Tuesday, April 6, 2010

More about Corsets: Baleen Ho!

Susan reports:

Whenever the word "corset" is mentioned in a historical context, it's almost always described as being "whalebone." Yet this is something of a misnomer: corsets weren't stiffened with whalebone, but with another part of the whale called baleen.

Baleen is the feathery, comb-like feature in the mouths of whales, screening and trapping food as they swim through the water. Baleen is made of keratin, a flexible material that's more akin to cartilage and fingernails than bone. But in the past, the definition - and the whale's anatomy - was blurred, and baleen and whalebone were used interchangeably. Baleen was harvested by whalers, and sold in strips such as those above left, on display in the milliner's shop in Colonial Williamsburg.

As a material, baleen is strong and stiff but yielding, and can be cut, filed, and shaped. Many things that are today fashioned from plastic were made from baleen in the 18th c., including eyeglass frames, the spokes of umbrellas and parasols, and the blades of folding fans.

And corsets. As soon as fitted, stiffened corsets
became the fashion in 16th c. France and Italy, baleen was the stylish choice for the stays - the long, narrow pieces that were forced into the corset's vertical channels. Baleen didn't crack like reeds or wood splints (other popular and less expensive options.) Baleen was strong and pliable, and it could be split to make the very thin stays that were necessary for sophisticated shaping.

A stylish 18th c. corset was a work of art, or at least of very high craftsmanship and engineering. Here are a few examples: from the Boston Musem of Fine Arts, the MMA's Costume Institute, and the Victoria & Albert.

There could be dozens of baleen stays in a single corset, each carefully cut, tailored, and finished to size. Nearly all corset makers were men, simply because few women possessed the hand strength necessary to force the baleen into the narrow channels.
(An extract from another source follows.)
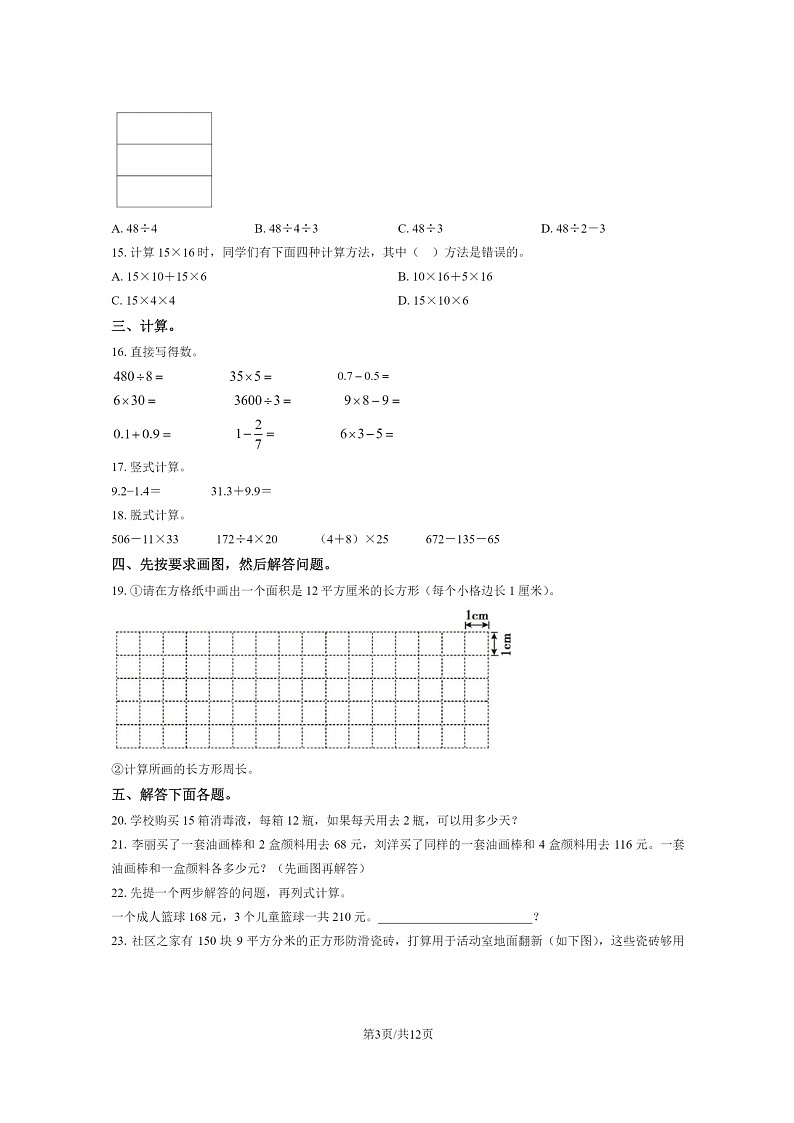 [数学]2023北京顺义三年级下学期期末试卷及答案第3页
Of course, this also led to lots of salacious prints from the era, such as this one, lower right, with the leering corset maker fitting the young woman while another gentleman watches. Why do I doubt it's her husband?

But by the middle of 19th c., steel boning began to replace baleen in corsets. Steel was equally flexible, but far easier to manufacture and use, and considerably less expensive than baleen. Just as the development of oil drilling and the petroleum industry in the 1850s spelled the end of the whale oil market, so, too, did metal corset stays do the same for baleen.

Fortunately for whales, the days of Captain Ahab are as long gone as corsets. Today the harvesting of baleen and all other by-products of American whale fishing is strictly regulated by the federal Marine Mammal Protection Act, and profits from the sale of baleen are limited to Alaskan Aleuts, Indians, and Eskimos (which is the source of the baleen used at Colonial Williamsburg.)